Red Bull’s Max Verstappen believes that the stewards were too harsh on track limits in Austria up and down the racing ladder after multiple penalties and lap time deletions were handed out.
Several drivers in Formula 2 and Formula 3 had their lap times taken off them in the support races, before a series of penalties were handed out in the races, and the premier class was caught out on a number of occasions as well.
Most notably, Sergio Perez was forced to start the sprint race 13th for going wide in Q2, after Sebastian Vettel was forced to start last having done the same thing in the first qualifying session.
Eventual race winner Charles Leclerc and second-placed Verstappen were on a disciplinary tightrope in the main race, as Lando Norris, Pierre Gasly and Vettel were all given five-second penalties for track limit violations.

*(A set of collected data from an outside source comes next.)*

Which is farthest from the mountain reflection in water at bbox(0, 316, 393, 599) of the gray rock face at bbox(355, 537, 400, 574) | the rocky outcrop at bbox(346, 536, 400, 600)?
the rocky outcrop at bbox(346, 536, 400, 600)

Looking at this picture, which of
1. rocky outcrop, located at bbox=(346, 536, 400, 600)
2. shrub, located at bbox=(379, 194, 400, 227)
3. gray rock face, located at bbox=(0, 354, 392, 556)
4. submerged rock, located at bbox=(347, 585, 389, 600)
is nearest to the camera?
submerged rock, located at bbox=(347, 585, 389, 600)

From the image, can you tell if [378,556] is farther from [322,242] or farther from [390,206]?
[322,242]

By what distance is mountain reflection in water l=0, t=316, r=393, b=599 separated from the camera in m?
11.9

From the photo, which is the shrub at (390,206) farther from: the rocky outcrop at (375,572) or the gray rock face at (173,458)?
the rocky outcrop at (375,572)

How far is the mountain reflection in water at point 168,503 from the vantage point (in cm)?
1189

The reigning champion reckons the stewards were too hard on their judgement of the confines of the racetrack in Spielberg last time out.

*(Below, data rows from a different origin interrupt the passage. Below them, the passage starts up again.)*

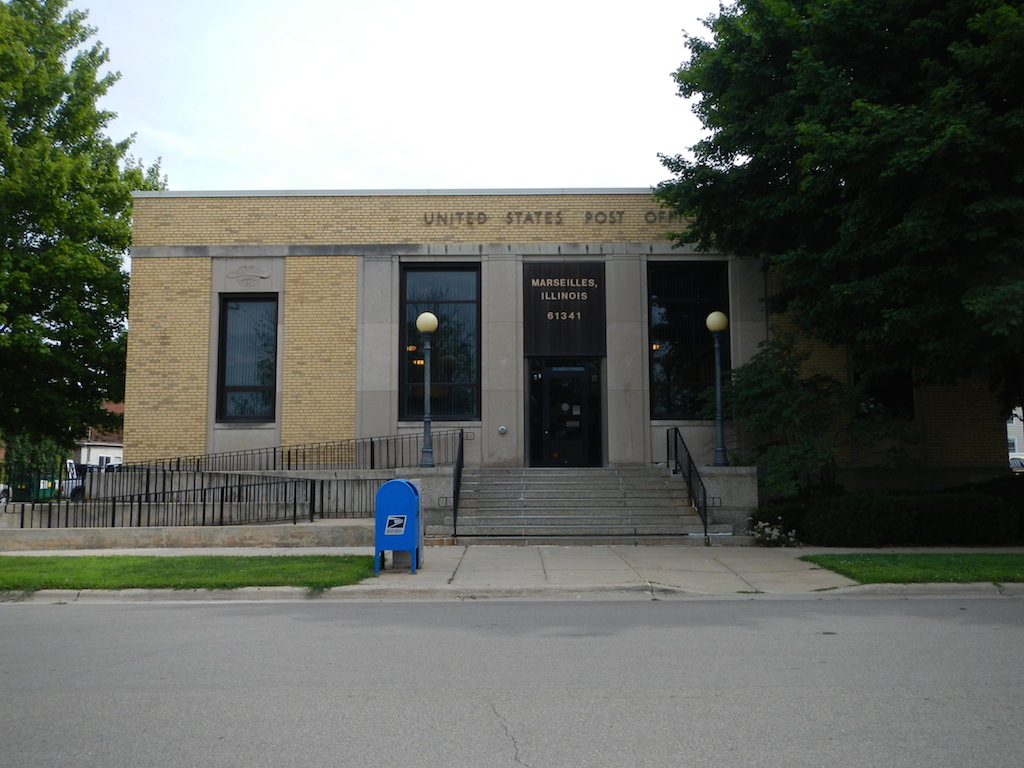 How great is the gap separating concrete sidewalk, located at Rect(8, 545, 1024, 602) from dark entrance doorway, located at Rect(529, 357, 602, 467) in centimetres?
654

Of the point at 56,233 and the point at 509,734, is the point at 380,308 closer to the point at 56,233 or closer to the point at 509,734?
the point at 56,233

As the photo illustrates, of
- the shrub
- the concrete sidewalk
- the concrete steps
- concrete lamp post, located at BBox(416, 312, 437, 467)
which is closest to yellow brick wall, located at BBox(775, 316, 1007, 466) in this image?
the concrete steps

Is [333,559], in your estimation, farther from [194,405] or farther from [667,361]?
[667,361]

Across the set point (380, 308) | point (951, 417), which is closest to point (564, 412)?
point (380, 308)

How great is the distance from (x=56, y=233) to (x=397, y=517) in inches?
638

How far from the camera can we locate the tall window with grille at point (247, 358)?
68.3ft

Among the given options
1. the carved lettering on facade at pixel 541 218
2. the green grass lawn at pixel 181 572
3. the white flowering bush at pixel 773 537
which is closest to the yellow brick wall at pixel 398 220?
the carved lettering on facade at pixel 541 218

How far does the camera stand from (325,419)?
20.5 m

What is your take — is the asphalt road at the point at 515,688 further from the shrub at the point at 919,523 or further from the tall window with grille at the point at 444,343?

“We have good conversations between the drivers and at the end of the day, more or less, on most things we agree,” said Verstappen, quoted by GPFans.

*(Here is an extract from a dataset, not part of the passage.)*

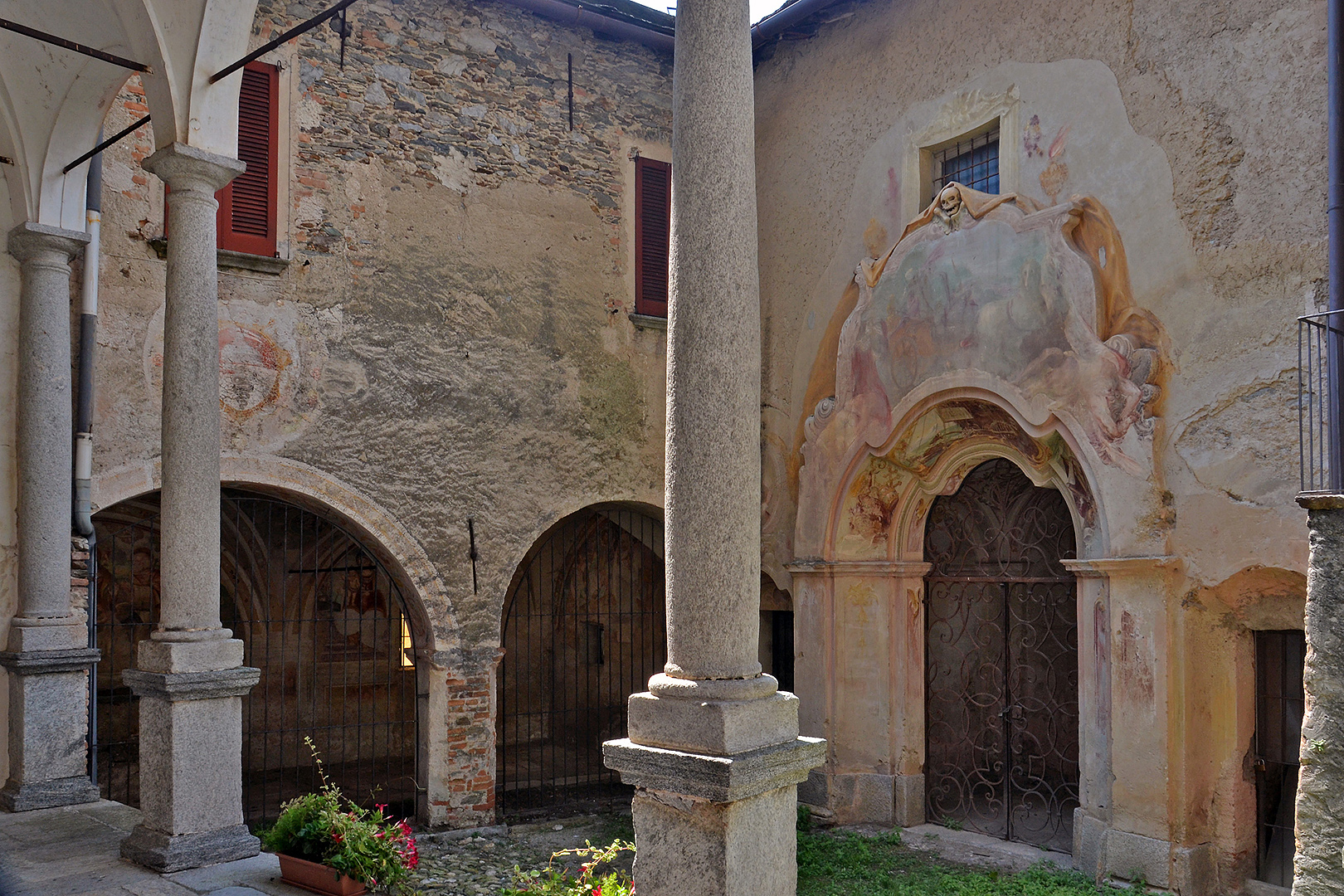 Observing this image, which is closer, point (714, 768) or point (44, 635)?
point (714, 768)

“Of course, everyone has their own opinions about certain things, but like track limits, the track-limits debate [was] a bit of a joke, not only in F1 but in F2 and F3.”
One of the key topics going into the Austrian Grand Prix was that of consistency and making sure that all drivers are treated equally for the same indiscretions.
The gravel at the Red Bull Ring, as well as the raised kerbs on corner exits, often do their bit to cost drivers time if they run wide, so it should not necessarily be a hard and fast rule that running wide instantly results in a penalty in the eyes of the Red Bull driver.
“We have to look into how we can make it better,” added Verstappen.
“Also for the stewards, and just the people involved with checking these track limits, I mean it’s almost impossible to check these kind of things.
“You need what, almost like one guy on one car the whole race to check the whole lap if he’s not going outside of the white line.
“In Austria, at least, in some places, you get naturally penalised if you just go a bit wider and you touch the gravel.
“These kinds of things, it just doesn’t look good for the sport as well, and this is just one thing.
“Then the other thing are racing incidents and stuff. For sure, we can do better. We will work on it and we’ll try to make it better.”
Red Bull boss Christian Horner recently warned that the Circuit Paul Ricard in France could be a problem this weekend due to the copious amounts of run-off at the French Grand Prix track.